31 thoughts on “From no-data to data: The awkward transition

    • Yikes – “but never would I have thought to double check something as simple as correctly entering a survey”

      The problem is that is a common very harmful view – the data often are initially incorrect in some if not many ways. Just seems too boring to ever be done wrong – not!

      Also why random audits – everywhere but not often enough to get in the way – are always a good idea for those don’t knows you don’t know.

      • +1 to Keith’s comment. The phrase “something as simple as” raises a red flag of naivete. It ain’t simple! The devil is in the details. Etc.

    • I’m now learning that exploring the explanatory power of data given to you [however seemingly complete and incomplete] is quite difficult, even in the simplest of cases. Particularly after being exposed to such diverse viewpoints and approaches in statistics. Nearly every aspect of any research process under scrutiny thereby making the results derived subject to an avalanche of criticism.

  1. Taken literally, “no-data to data” describes pretty much every study I’ve conducted (aside from secondary analyses). I would think “data to no-data” would be a more awkward transition. (And sadly “no-data to no-data” is where I spend a lot of my policy analytic life.)

    But it does make for a nice koan.

  2. I do think this would be an interesting blog post if you were going to write about the instance of theory development without data. Then when a researcher gets data that go against said theory, it’s quite awkward. One would hope they would come forward with the evidence regardless, but there are clearly cases where that does not happen.

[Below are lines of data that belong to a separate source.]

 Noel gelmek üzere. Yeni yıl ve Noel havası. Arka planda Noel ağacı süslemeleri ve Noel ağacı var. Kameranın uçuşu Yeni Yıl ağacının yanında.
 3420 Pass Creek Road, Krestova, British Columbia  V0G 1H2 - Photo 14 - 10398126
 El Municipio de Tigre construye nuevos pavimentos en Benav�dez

  3. Since we’re documenting potential cognitive decline, I looked for my cell phone the other night with the light from my cell phone for several minutes before I realized what I was doing.

        • Phil,

          LOL I was being facetious. Seriously I did run out of my apt with my jeans on backwards. Thank goodness I’m thin. So not noticeable.

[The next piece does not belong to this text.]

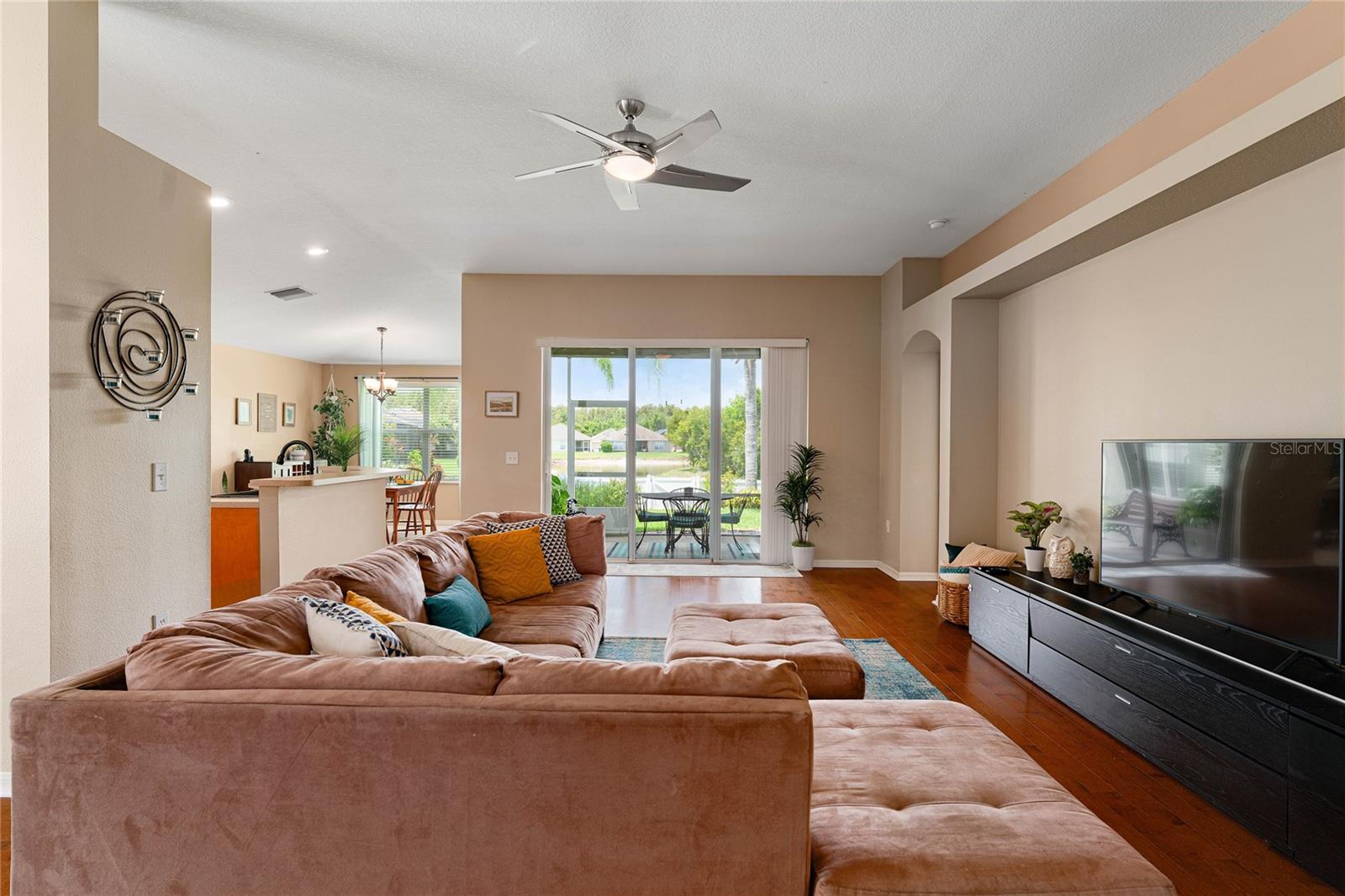 1700 LEYBOURNE LOOP LOOP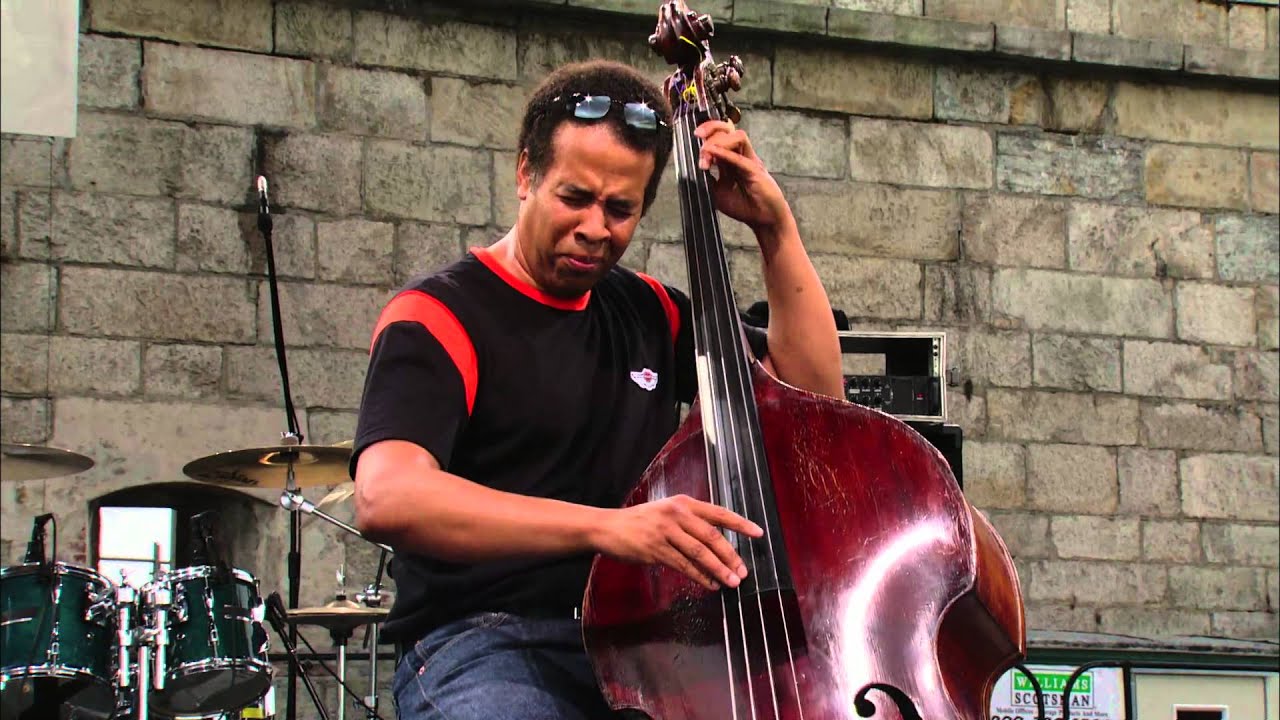 Stanley Clarke - Bass Folk Song - 8/10/2003 - Newport Jazz Festival (Official) - YouTube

          But you have a point in so far as political science types of inferences made. My buddies still think 90’s viewpoints apply today. In hindsight, we were way more ideological than we admit. That’s why I shun terms like liberals, conservatives, leftists, rightists. We all get stuck in some past, present, and future.

        • You’re reading too much into my comment! I was just saying that, just as the climate change deniers can say “nothing has changed, this happened twenty years ago too”, you can deny your cognitive decline via the same reasoning. Putting your jeans on backwards when you were 26 was a genius way to set a benchmark you can use for decades.

        • LOL, No I understood what you meant. Absent-mindedness isn’t necessarily a function of cognitive decline or memory loss even. I think putting on ahirt inside out is more common. Absent mindedly. I did more of that in my teens.

          I was only suggesting that we all have resort to rationales at some juncture.

  4. I once read a statement from a book or a paper which I didn’t remember correctly “one approach to handling problems involving data is to convert them to no data problem.” so, I eagerly wait for this blog post.

  5. Why did Andrew forget what he was going to write? Is it because he first enters a title in the queue and then six months later actually writes the post?

    That may sound silly, but the alternative is pretty odd too: that he writes a post and then waits six months to post it.

    Either way, it is kind of eerie.

    In a few years, when the truth comes out, are we all going to look back and wonder why we didn’t see that something wasn’t right?

    • Terry:

      I write the posts and put them in the queue. For example, I wrote a post the other day and put it in the queue for January. Every once in awhile I start to write a post and don’t finish it until later. It’s very unusual that I just write the title!

  6. Perhaps you wanted to say that one can make a valid prediction just using priors. The prediction is still valid after updating with data. The statistical principle is the same. What changes when data is added. A blog post on this transition would be nice. Lindley writes about it in his book understanding uncertainty.